‘the Problem of Art History’s Black and Indian Subject’ Print E-mail
Wednesday, 11 January 2012 13:26

Also in caa.reviews, Katherine Manthorne considers ($) Kirsten Pai Buick’s Child of the Fire: Mary Edmonia Lewis and the Problem of Art History’s Black and Indian Subject:

[This book is Buick's] anticipated full-length examination of this sculptor’s career. It is a thoughtful, groundbreaking study that should be a must-read for anyone interested in art of the United States and in a nuanced treatment of race, ethnicity, and gender. Buick’s book challenges late twentieth-century identity politics of current art history that maddeningly continue to insist that black or Native American or women artists reproduce their race and gender in their work … Buick situates her subject within the culture that shaped and instructed her in the cultures of “True Womanhood” and of “Sentiment.” But most of all, she reinserts her into the context of nineteenth-century American art, devoid of any hyphenated qualifier….

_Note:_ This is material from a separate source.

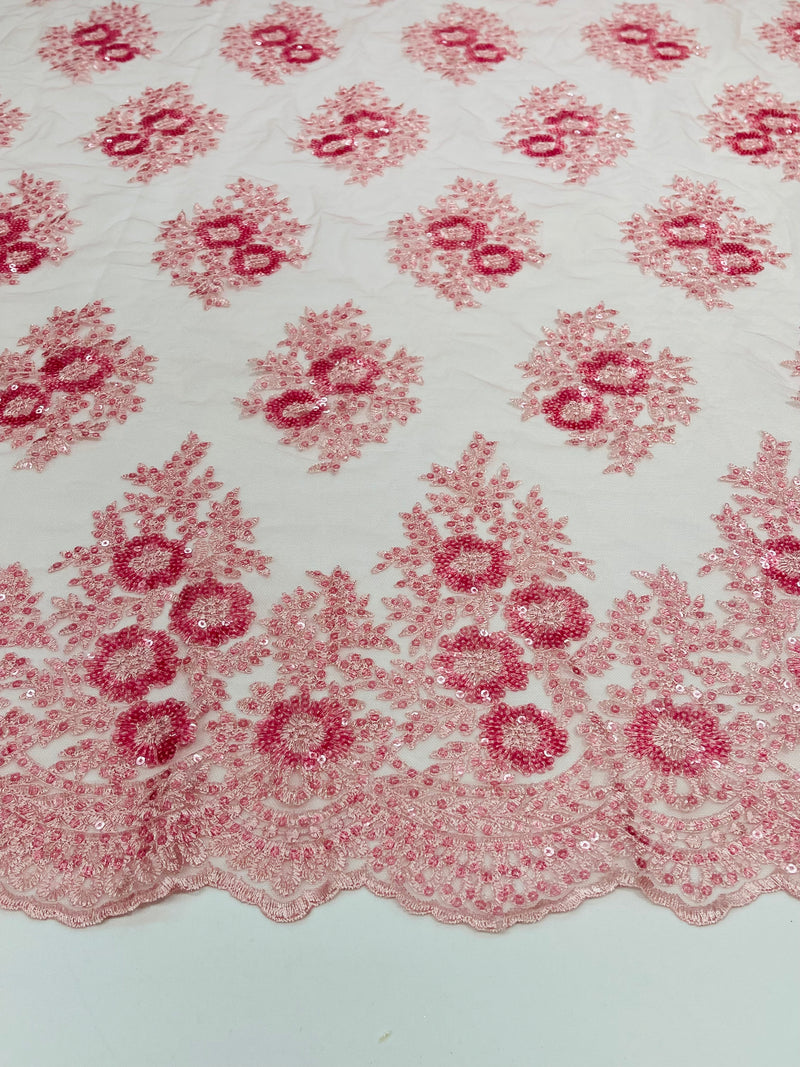 Floral corded embroider with sequins on a mesh lace fabric-sold by the yard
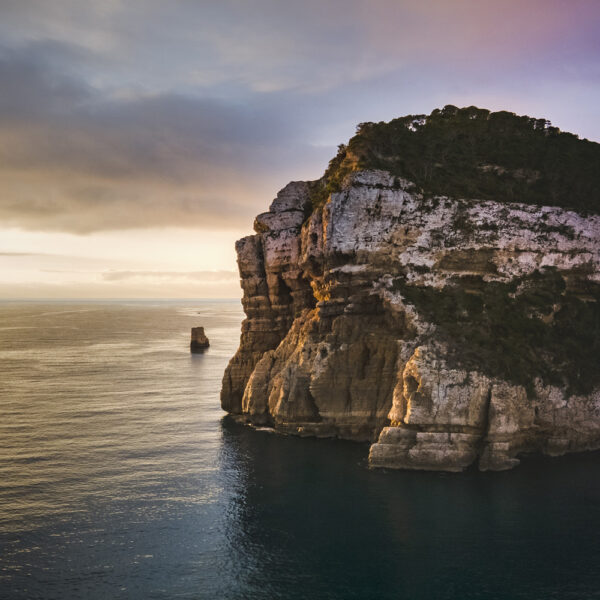 Fotografía de un acantilado iluminado por la luz dorada del amanecer, destacando la textura de las rocas y el azul profundo del mar Mediterráneo.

Contained within Buick’s reinterpretation of Lewis is a critique of, or at least a dialogue with, the field of art history itself … This is something that is definitely missing these days; the lively debates and disputes that used to pepper conferences and Letters to the Editors are now replaced with more politically correct and neutral comments … I find this willingness to take on one’s predecessors a refreshing breath of fresh air. Art historians need to recapture some of this give and take, as we shape the field for a new century and a new generation of scholars.